When using the standalone Holmes Helm Chart, update your values.yaml:

toolsets:
    prometheus/metrics:
        enabled: true
        subtype: prometheus
        config:
            prometheus_url: http://<your-prometheus-service>:9090

            # Optional:
            #additional_headers:
            #    Authorization: "Basic <base_64_encoded_string>"

Apply the configuration:

helm upgrade holmes holmes/holmes --values=values.yaml

When using the Robusta Helm Chart (which includes HolmesGPT), update your generated_values.yaml:

holmes:
  toolsets:
      prometheus/metrics:
          enabled: true
          subtype: prometheus
          config:
              prometheus_url: http://<your-prometheus-service>:9090

              # Optional:
              #additional_headers:
              #    Authorization: "Basic <base_64_encoded_string>"

Apply the configuration:

helm upgrade robusta robusta/robusta --values=generated_values.yaml --set clusterName=<YOUR_CLUSTER_NAME>

About subtype

The subtype: field tells HolmesGPT which Prometheus variant you're connecting to. For a plain self-hosted Prometheus use prometheus; variant-specific values (victoriametrics, coralogix, grafana-cloud, aws-managed-prometheus, azure-managed-prometheus, google-managed-prometheus) are shown in the sections below. The field is optional — HolmesGPT will infer the variant from the configuration fields when you omit it — but setting it makes the resulting toolset card light up under the correct integration in the UI.

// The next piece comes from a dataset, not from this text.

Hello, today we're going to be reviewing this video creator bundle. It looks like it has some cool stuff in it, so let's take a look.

Finding your Prometheus URL

There are several ways to find your Prometheus URL:

Option 1: Simple method (port-forwarding)

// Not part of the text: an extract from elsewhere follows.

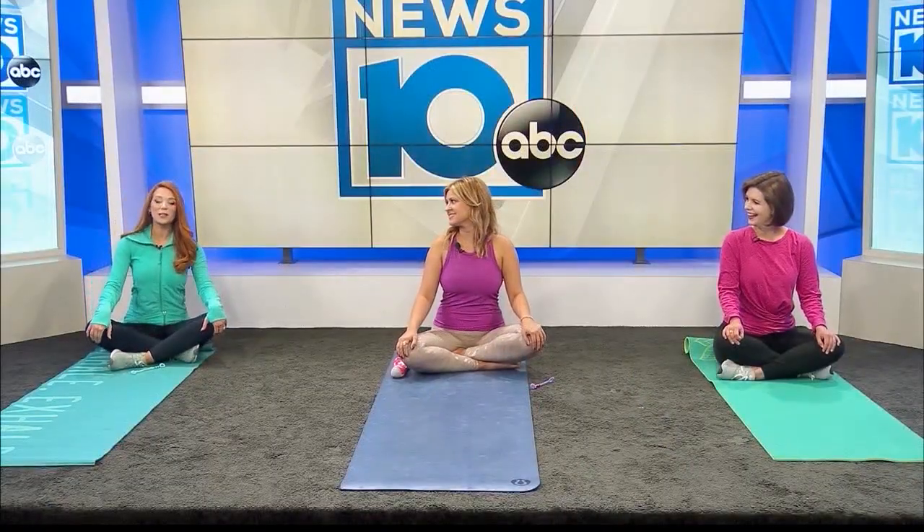With us today is Michelle Kiernozik, also known as Ms. K. She's an occupational therapist and also a registered yoga instructor. She's here with us today with meteorologist Jill Sweat so we can learn a little bit, especially at the start of the school year.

# Find Prometheus services
kubectl get svc -A | grep prometheus

# Port forward for testing
kubectl port-forward svc/<your-prometheus-service> 9090:9090 -n <namespace>
# Then access Prometheus at: http://localhost:9090

Option 2: Advanced method (get full cluster DNS URL)

If you want to find the full internal DNS URL for Prometheus, run:

kubectl get svc --all-namespaces -o jsonpath='{range .items[*]}{.metadata.name}{"."}{.metadata.namespace}{".svc.cluster.local:"}{.spec.ports[0].port}{"\n"}{end}' | grep prometheus | grep -Ev 'operat|alertmanager|node|coredns|kubelet|kube-scheduler|etcd|controller' | awk '{print "http://"$1}'

This will print all possible Prometheus service URLs in your cluster. Pick the one that matches your deployment.

Multiple Instances

The Prometheus toolset can connect to more than one Prometheus instance. List each one under instances: with a unique name. Any config field set outside instances: becomes a default that every instance inherits, so shared settings only need to be written once.

toolsets:
  prometheus/metrics:
    enabled: true
    config:
      instances:
        - name: prod
          prometheus_url: http://<your-prometheus-service>:9090
        - name: staging
          prometheus_url: http://<your-prometheus-service>:9090

When more than one instance is configured, HolmesGPT automatically adds an instance parameter to every Prometheus tool (so it can pick which instance to query) and a prometheus_metrics_list_instances tool to list the configured instances. With a single instance — including the flat config without instances: — the tools are unchanged and fully backwards compatible.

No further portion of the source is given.